▶ [Task to carry out] Without copying any picture, return all lines below exactly.

+ + +

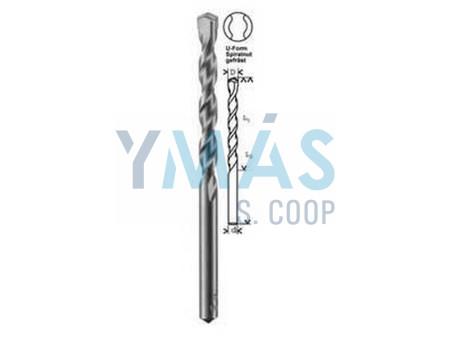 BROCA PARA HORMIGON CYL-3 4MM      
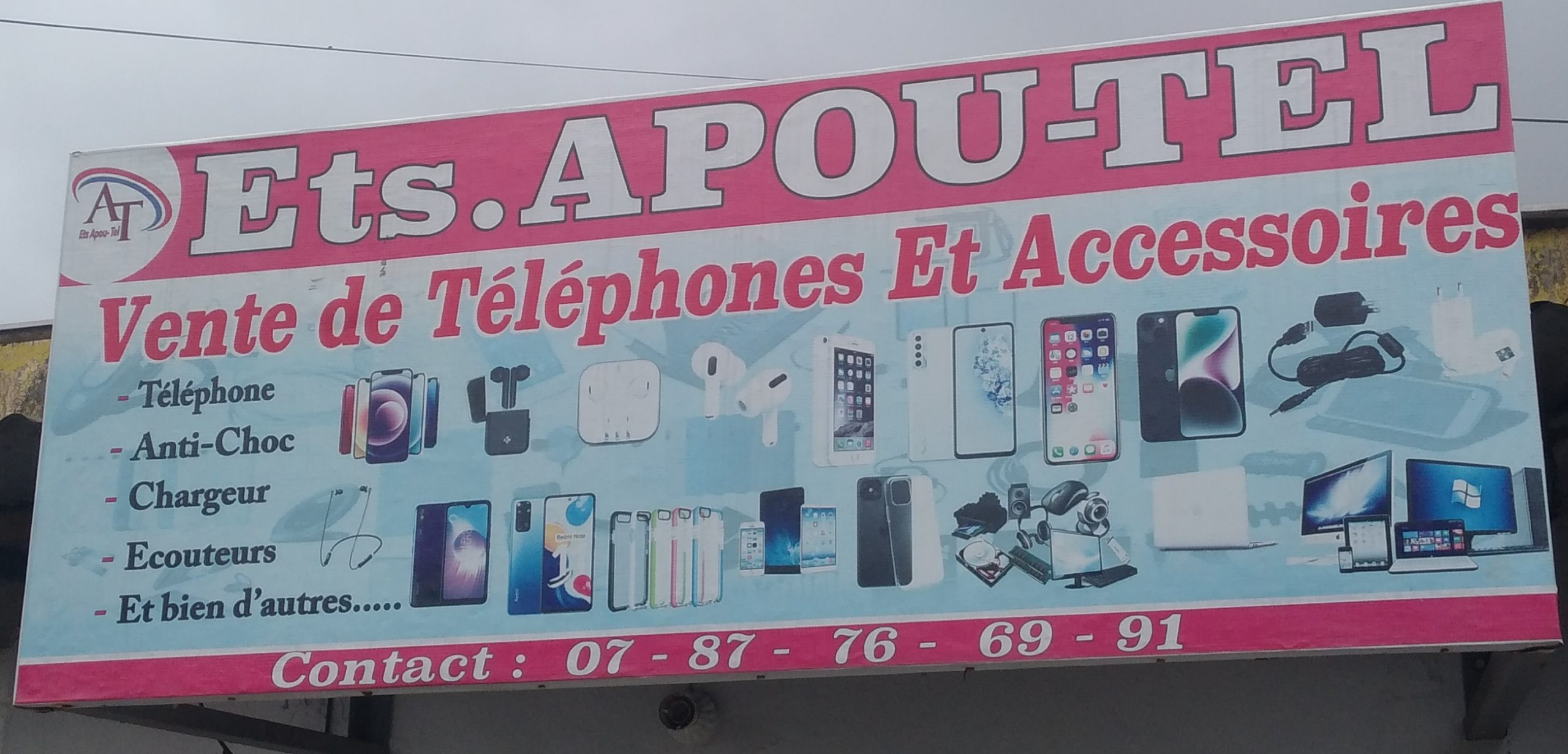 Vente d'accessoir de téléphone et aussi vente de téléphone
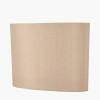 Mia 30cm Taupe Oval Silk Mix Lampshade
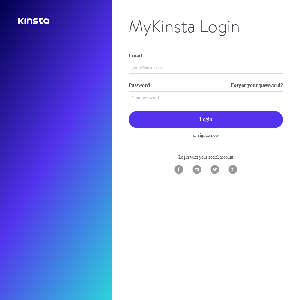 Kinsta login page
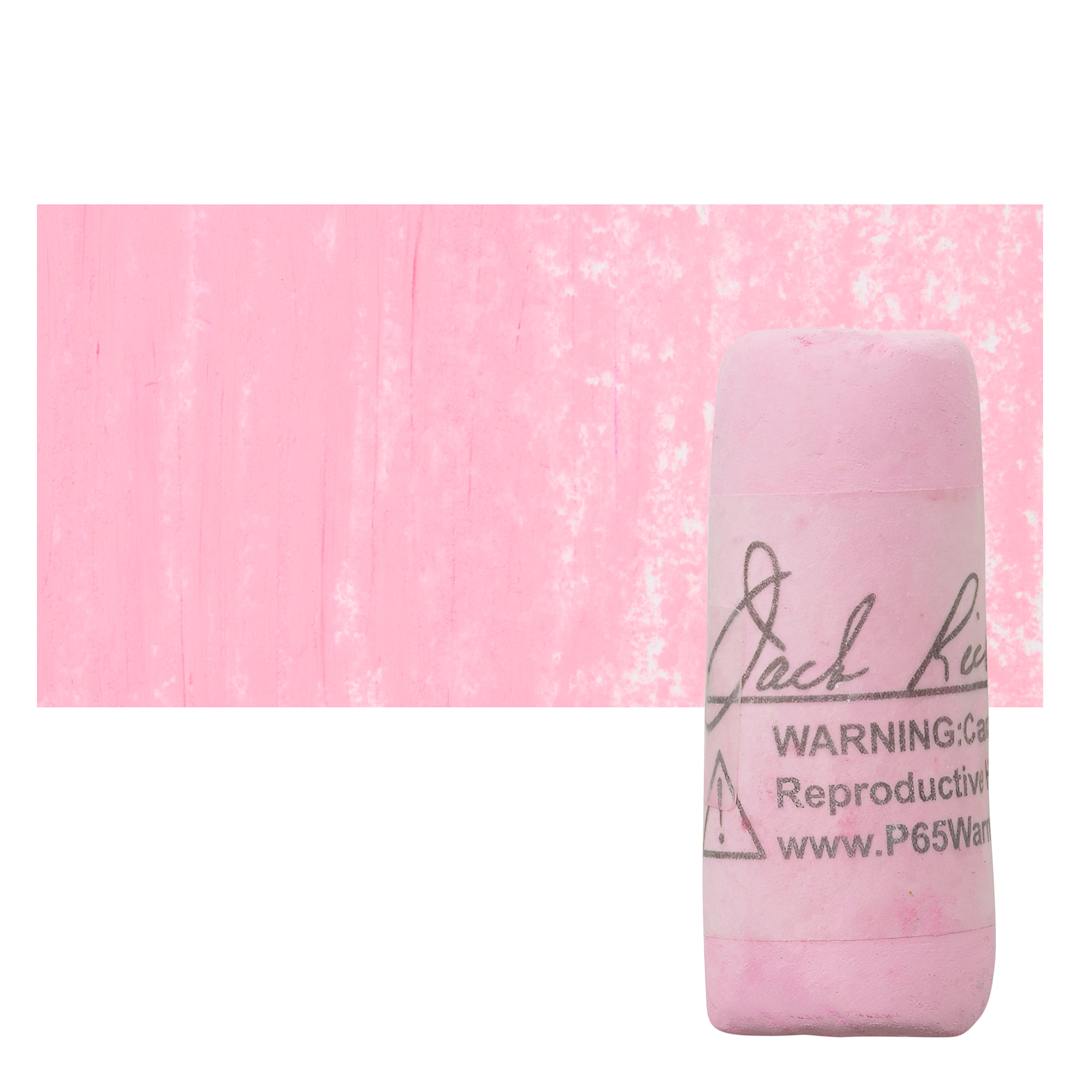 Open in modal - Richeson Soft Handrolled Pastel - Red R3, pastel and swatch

+ + +

▶ [Response]
 BROCA PARA HORMIGON CYL-3 4MM      
 Vente d'accessoir de téléphone et aussi vente de téléphone
 Mia 30cm Taupe Oval Silk Mix Lampshade
 Kinsta login page
 Open in modal - Richeson Soft Handrolled Pastel - Red R3, pastel and swatch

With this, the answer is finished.